What Could Capital One’s Data Breach Mean for FIs?

“The risk of a breach is higher than ever before for financial institutions."

Capital One credit card. (Source: Shutterstock)

Capital One Financial Corp said Monday a hacker obtained personal information, including names and addresses, of approximately 100 million individuals in the U.S. and 6 million people in Canada.

Apparently, the break-in did not compromise credit card account numbers or log-in credentials of over 99% of Social Security numbers, according to Capital One.

“The largest category of information accessed was information on consumers and small businesses as of the time they applied for one of our credit card products from 2005 through early 2019. This information included personal information Capital One routinely collects at the time it receives credit card applications, including names, addresses, zip codes/postal codes, phone numbers, email addresses, dates of birth, and self-reported income,” read a statement posted on the Capital One web site.

Capital One’s statement also specified no compromise of bank account numbers or Social Security, “other than about 140,000 Social Security numbers of credit card customers; and approximately 80,000 linked bank account numbers of its secured credit card customers.” In addition, the incident compromised roughly 1 million Social Insurance numbers of Canadian credit card customers.

“While I am grateful that the perpetrator has been caught, I am deeply sorry for what has happened,” Richard D. Fairbank, chairman and CEO, Capital One, said in a company statement. “I sincerely apologize for the understandable worry this incident must be causing those affected and I am committed to making it right.”

Capital One said it immediately fixed the configuration vulnerability this individual exploited and promptly began working with federal law enforcement and the FBI has arrested the person responsible. Based on its analysis to date, the financial institution does not believe this individual information fraud used or disseminated the hacked data.

The arrested suspect, Paige Thompson, is a former Seattle tech company software engineer. According to a complaint filed in the District Court for the Western District of Washington at Seattle, Thompson posted the hacked data, obtained between March 12 and July 17, 2019, on the software development platform GitHub. a subsidiary of Microsoft. Another user observed the listing and informed Capital One of the breach.

Capital One said beyond the credit card application data, the individual also obtained portions of credit card customer information, including:

A number of cybersecurity professionals weighed in on this latest massive breach.
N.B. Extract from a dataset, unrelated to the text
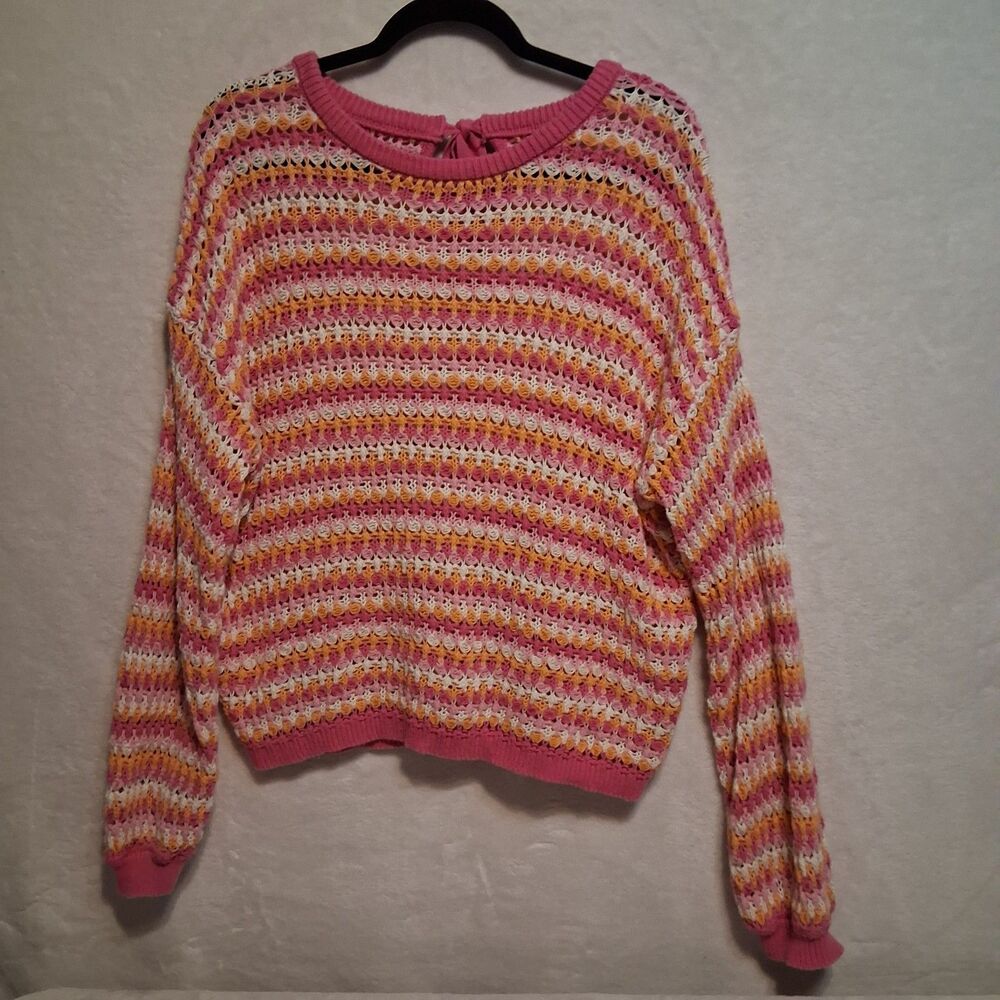 Blu Pepper L Sweater Open Knit Pink Striped Bow Back Coastal Beach Spring Cruise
“The risk of a breach is higher than ever before for financial institutions,” Felix Rosbach, product manager at comforte AG, warned. “Those breaches create a lot of stress on both the issuer’s side and on consumers as fraud is easy to commit with stolen account information.”
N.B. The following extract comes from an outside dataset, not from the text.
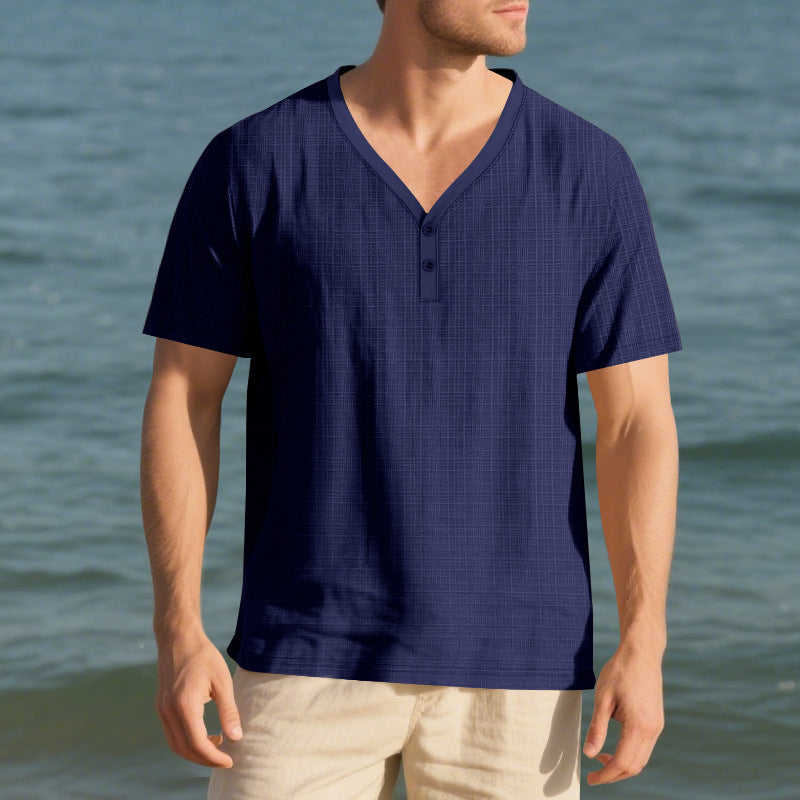 Chemise Henley à manches courtes pour hommes avec design texturé et accents à la mode Chic und Stil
Rosbach suggested it is crucial to protect sensitive data over the entire data lifecycle. “Fortunately, Capital One used tokenization to protect Social Security numbers and account numbers. As this is a different approach to data security – ideally not involving the distribution of keys – the tokenized data remained protected.” Rosbach added, however, recent tokenization technology could have protected not only Social Security numbers and account numbers but also personal information, customer status data and transaction data. “Acquirers, merchants and issuers should only use tokens instead of clear text data to process payments and store sensitive data.”
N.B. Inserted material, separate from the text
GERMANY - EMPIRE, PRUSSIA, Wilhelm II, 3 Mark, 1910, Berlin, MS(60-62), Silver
Phishing expert Colin Bastable, Lucy Security CEO, also reacted. “At last, tokenization is deployed, doing what it is supposed to do. Good job, Capital One, more please!” Bastable cautioned Capital One victims still face phishing attacks for years to come, long after the usually 12 month’s credit monitoring period provided. “The dark web probably knows more about most people in North America than their governments will publicly admit to. Employers need to protect themselves by ensuring that their employees are security aware.”

Jack Kudale, founder and CEO of Cowbell Cyber, said, “The latest known breach at Capital One highlights the importance of addressing the gap in insurability.” Kudale indicated the incident would attract attention to the information storage location, Amazon’s S3 bucket public cloud storage resource. “As the enterprise risk managers around the world now focus on response and recovery, the shift from traditional prevention and detection budgets will quickly shift to insurance.”

“It’s still early, and I think this one is going to develop out a bit more. However, I would not put it at the same level as the Equifax breach,” Chris Morales, head of security analytics at Vectra, noted. “What was exploited was a website vulnerability that gave access to credit card applications, including 140,000 Social Security numbers and 80,000 linked bank account numbers.” He added, it will need to play out in the next day or so. “I’m curious if the data was ever released to the public.”

Terence Jackson, chief information security officer at Thycotic, held, “While details are still unfolding, I think I have more questions than answers at the present time. What system did the perpetrator have access to? How was access monitored? Did she have admin access? How was she able to exfiltrate so many records without triggering any alerts? This is yet another example of why castle and moat security are not effective anymore. The threats are already inside.”

Dr. Richard Gold, head of security engineering at Digital Shadows, said, “Right now over 100 million people in North America are nervously waiting to see if they have been impacted. The breach is particularly significant for the 140,000 that have had their Social Security number compromised.” Gold explained This has serious implications for U.S. citizens since this number applying for a number of financial products and used for Government services. He advised any potential victims to not to wait for Capital One notification but to immediately change passwords across any accounts using the same log in details as Capital One.